Opferzahlen allein sind abstrakt. Das Grauen der begangenen Verbrechen, das erlittene Leid jedes Einzelnen, die Tragödie eines ganzen Volkes, das um ein Drittel seiner Menschen beraubt wurde, dies alles zu erfassen, gelingt nur in empathischen Schilderungen von Einzelschicksalen und individuellen Erinnerungen. Vaddey Ratners Roman "Im Schatten des Banyanbaums" ist ein Beispiel. Es ist ein gleichzeitig todtrauriges und poetisches Buch. Die Geschichte, die in wesentlichen Zügen ihre eigene ist, so erklärt die Autorin in einem kurzen, deshalb aber nicht weniger aufschlussreichen Nachwort, wird uns durch das Mädchen Raami erzählt. Die kindliche Erzählperspektive sorgt für eine besondere Eindringlichkeit des Textes. Der unverstellte Blick auf furchtbare Geschehnisse und ihre nüchternen Schilderungen stehen in seltsamem Kontrast mit wunderschönen Naturbeschreibungen. Ein Kind versucht zu verstehen, was auch Erwachsene nicht begreifen können. Mit Phantasie und den Erinnerungen an ihren geliebten Vater, aus denen Raami Kraft schöpft, schafft sie es, Leid und die Strapazen zu ertragen und alles zu überleben.
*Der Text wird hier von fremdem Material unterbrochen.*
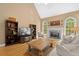 Cozy living room features a fireplace, hardwood floors, and built-in bookshelves for a comfortable atmosphere at 1012 Chestnut Creek Dr, Villa Rica, GA 30180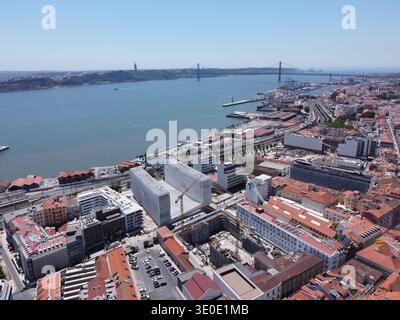 Aus der Vogelperspektive treffen die Terrakotta-Dächer auf den Fluss Tejo, im Schatten der Ponte 25 de Abril, Lissabon, Portugal. Stockfoto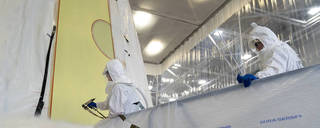 A team member dressed in white apply the first round of spray foam  of NASA’s SLS rocket for Artemis III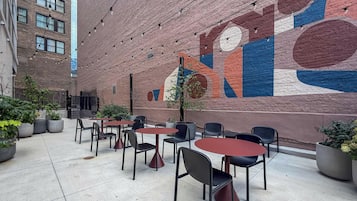 Área externa com mesas e cadeiras, parede de tijolos com mural e plantas em vasos.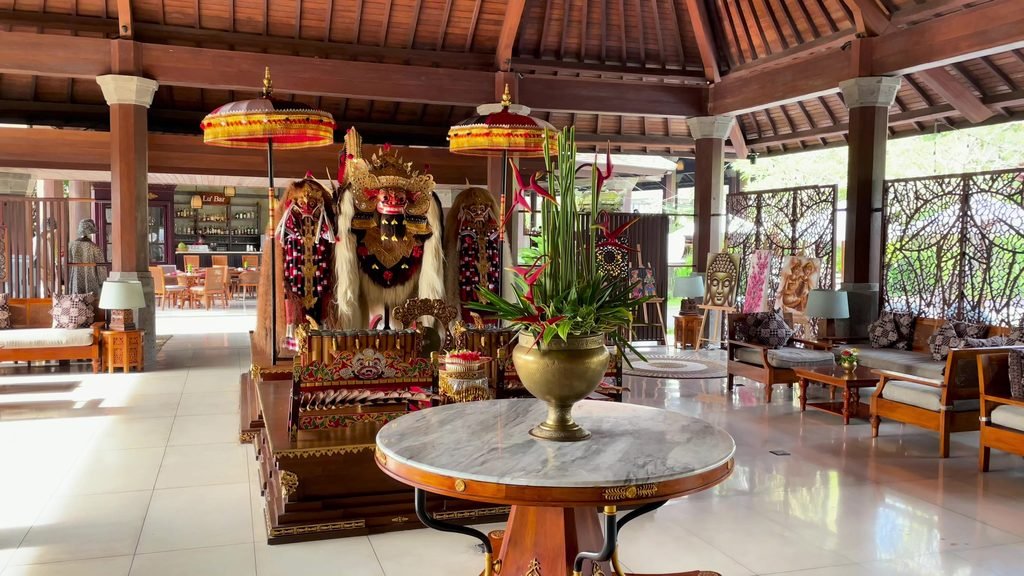 A Barong figure on a carved stand in the lobby of Visesa Ubud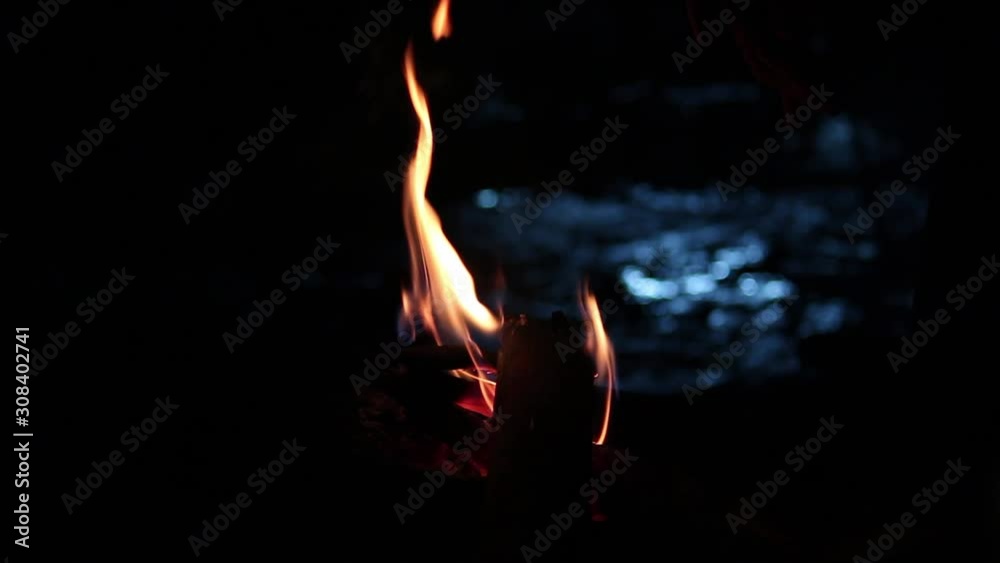 Burning red hot flying with sparks in the night sky. Beautiful abstract background of fire sparks particles on black background.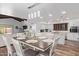 Bright kitchen features an island, stainless steel appliances, and dining area at 1401 W Ocotillo Rd, Phoenix, AZ 85013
"Im Schatten des Banyanbaums" ist eine grausame Geschichte, die in wunderschönen Worten erzählt wird, eine Geschichte über menschliche Stärke und Leidensfähigkeit, über Mitgefühl und Überlebenswillen. Vaddey Ratner, deren vollständiger Name Neak Ang Mechas Ksatrey Sisowath Ratner Ayuravann Vaddey lautet, ist Spross der königlichen Familie Sinowath I. Fast ihre gesamte Familie wurde durch die Roten Khmer ausgelöscht. Die Autorin hat mit dem Schreiben dieses herausragenden Buches Großes geleistet, denn sie hat höchstwahrscheinlich nicht nur sich selbst von einigen Dämonen der Vergangenheit befreit, sondern auch für alle Opfer der unglaublichen Verbrechen der Roten Khmer ein literarisches Mahnmal geschaffen.